Nowadays the fractional reserve banking system counts fiat currency instead of gold as reserves against its lending. The demand deposit money created by the private banking sector is a large multiple of the amount of fiat money issued by the government. Who earns the seigniorage on the newly created demand deposits? The private banks in the first instance, but some is competed away to customers in the form of higher interest rates on savings deposits, lower service charges, etc. It is difficult to say just what happens to seigniorage on demand deposits, but clearly that on fiat currency goes to the government. (With commodity money seigniorage is zero because commodity value equals monetary value—except when the mint purposely debased gold coins). Under our present system, money is currency plus demand deposits. Currency is created out of paper by the government, and no interest is charged for it; demand deposits are created by banks out of nothing (up to a large limit set by small reserve requirements) and interest is charged for it. For example, when you take out a mortgage to buy a house, you are not borrowing someone else’s money deposited at the bank. The bank is in fact loaning you money that did not exist before it created a new deposit in your name. When you repay the debt, it in effect destroys the money the bank initially loaned into existence. But over the next 30 years, you will pay back several times what the bank initially loaned you. Although demand deposits are constantly being created and destroyed, at any given time over 90% of our money supply is in the form of demand deposits.
If phase 3, our present system, seems “screwy” to you, it should. Why should money, a public utility (serving the public as medium of exchange, store of value, and unit of account), be largely the by-product of private lending and borrowing? Is that much of an improvement over being a by-product of private gold mining? Why should the public pay interest to the private banking sector to provide a medium of exchange that the government can provide at no cost? Why should not seigniorage, unavoidable in a fiat money system, go entirely to the government (the commonwealth) rather than in large part to the private sector?
Is there not a better way? Yes, there is. We need not go back to the gold standard. Keep fiat money, but move from fractional reserve banking to a system of 100% reserve requirements.

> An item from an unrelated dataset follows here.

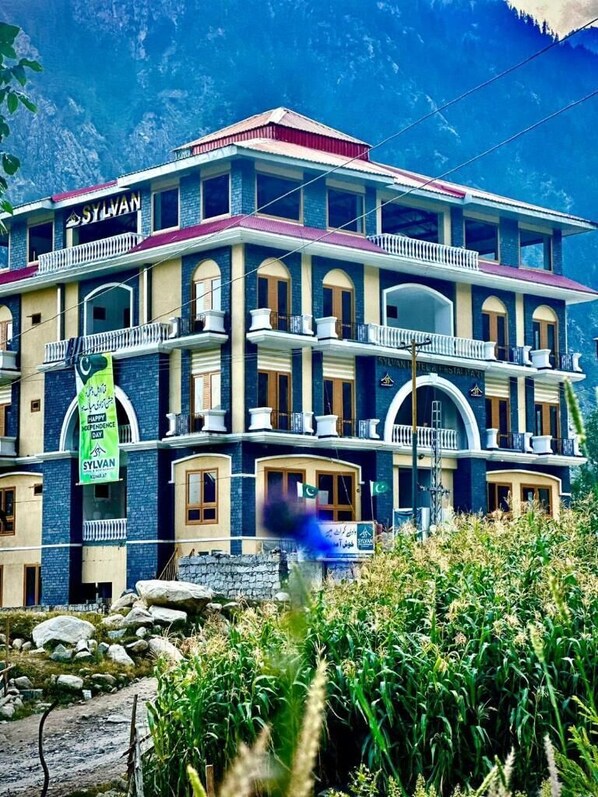 المنشأة من الخارج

The change need not be drastic – we could gradually raise the reserve requirement to 100%. This would put control of the money supply and all seigniorage in hands of the government rather than private banks, which would no longer be able to live the alchemist’s dream of creating money out of nothing and lending it at interest.
All quasi-bank financial institutions should be brought under this rule, regulated as commercial banks subject to 100% reserve requirements. Credit cards would become debit cards. Banks would earn their profit by financial intermediation only — i.e. lending savers’ money for them (charging a loan rate higher than the rate paid to savings account depositors) and charging for checking, safekeeping, and other services. With 100% reserves every dollar loaned to a borrower would be a dollar previously saved by a depositor, re-establishing the classical balance between investment and abstinence. The government would pay some of its expenses by issuing more non interest-bearing fiat money in order to make up for the eliminated bank-created, interest-bearing money.

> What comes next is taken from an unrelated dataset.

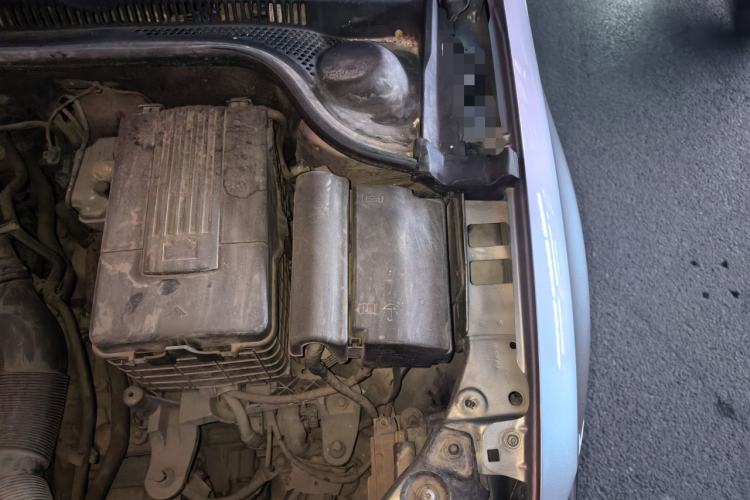 Used Volkswagen Sagitar 2014 1.6L Automatic Comfort Model Engine Bay Left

However, it can only do this up to a strict limit imposed by inflation. If the government issues more money than the public voluntarily wants to hold, the public will trade it for goods, bidding the price level up. As soon as the price index begins to rise the government must print less, tax more, or withdraw some of the previously issued currency from circulation. Thus a policy of maintaining a constant price index would govern the internal value of the dollar (providing a trustworthy store of value and constant unit of account). In effect the fiat money would receive a real backing—not gold, but the basket of commodities in the price index. The external value of the dollar could be left to freely fluctuating exchange rates. These policies are not new—they go back to Frederick Soddy in1926, and to similar proposals by Frank Knight and Irving Fisher, the leading American economists of the 1920s. The fact that bankers and their friends in government and academia have willfully ignored these ideas for 90 years does not constitute a refutation of them, but rather is a tribute to the power of vested interests over the common good.
How would the 100% reserve system serve the steady state economy?

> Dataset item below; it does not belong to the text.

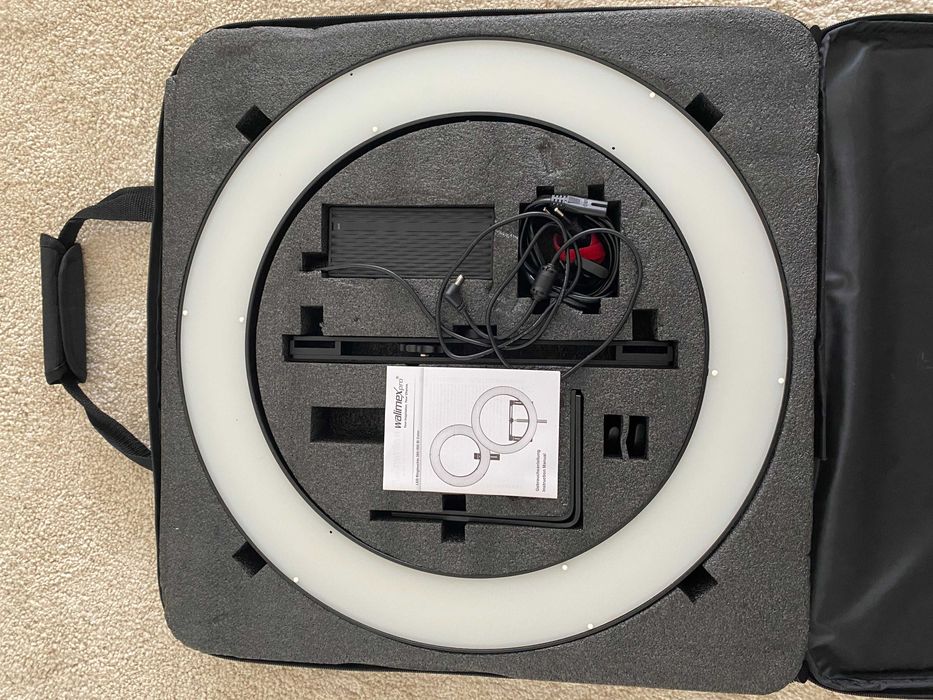 Walimex Pro 350/500 Bi Color LED Ringlight with Stand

First, as just mentioned it would restrict borrowing for new investment to existing savings, greatly reducing speculative growth ventures—for example the leveraging of stock purchases with huge amounts of borrowed money would be severely limited.
Second, the fact that money no longer has to grow to pay back the principal plus the interest required by the loan responsible for the money’s very existence lowers the general pressure to grow. Money becomes neutral with respect to growth rather than biasing the system toward growth.
Third, the financial sector will no longer be able to capture such a large share of the nation’s wealth, leaving more available for meeting the needs of the poor. A steady state economy is not viable if it means a steady state of poverty for any significant proportion of the population.
Fourth, the money supply would no longer expand during a boom, when banks like to loan lots of money, and contract during a recession, when banks try to collect outstanding debts, thereby reinforcing the cyclical tendency of the economy. Reducing the risk of recession reduces the need to accumulate more to get us through the bad times.
Fifth, with 100% reserves there is no danger of a run on the bank leading to failure, and the FDIC could be abolished, along with its consequent moral hazard.
Sixth, the explicit policy of a constant price index would reduce fears of inflation and the resultant quest to accumulate more as a protection against inflation.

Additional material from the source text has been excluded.